::: DATA SHOWN

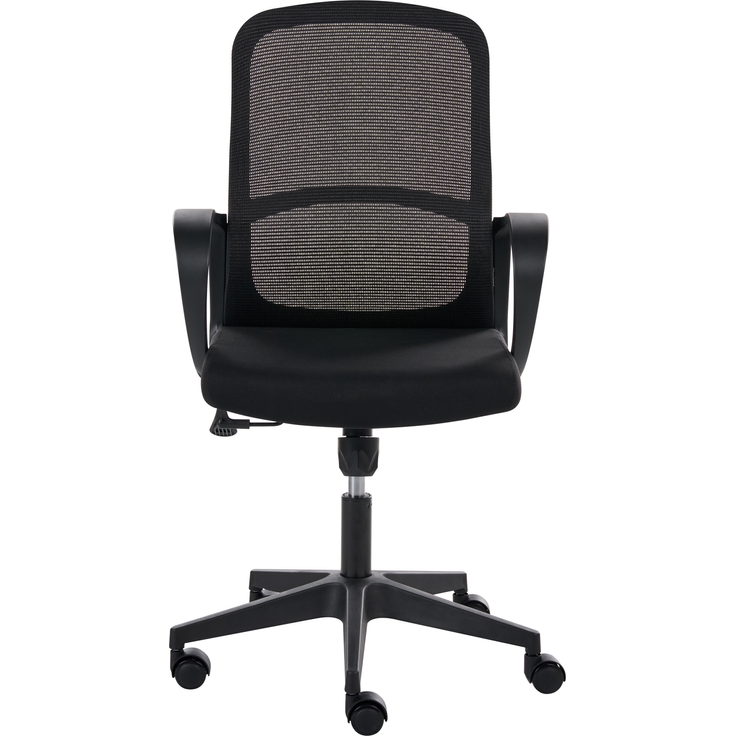 Bürostuhl SENTA Schwarz – Bild 4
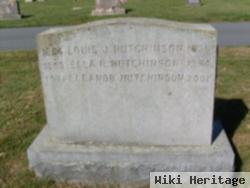 Louis J. Hutchinson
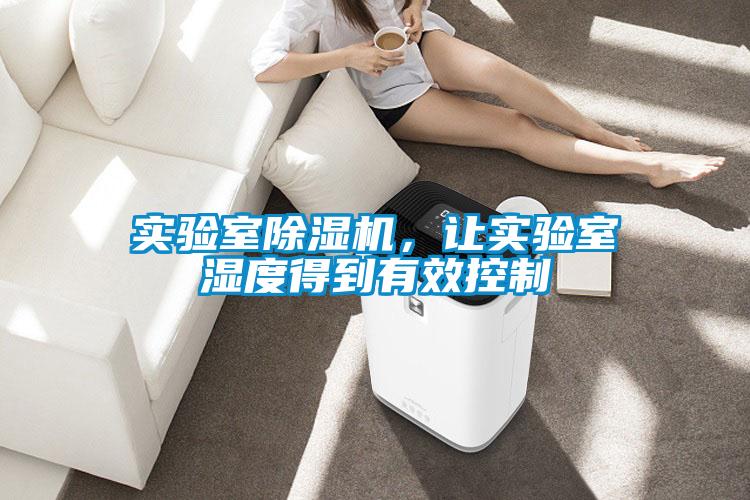 實(shí)驗(yàn)室除濕機(jī),讓實(shí)驗(yàn)室濕度得到有效控制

::::::

▶ [EXERCISE INSTRUCTIONS] The material above should be repeated word for word, with every picture omitted.

▶ [OUTPUT FOR THIS EXERCISE]
 Bürostuhl SENTA Schwarz – Bild 4
 Louis J. Hutchinson
 實(shí)驗(yàn)室除濕機(jī),讓實(shí)驗(yàn)室濕度得到有效控制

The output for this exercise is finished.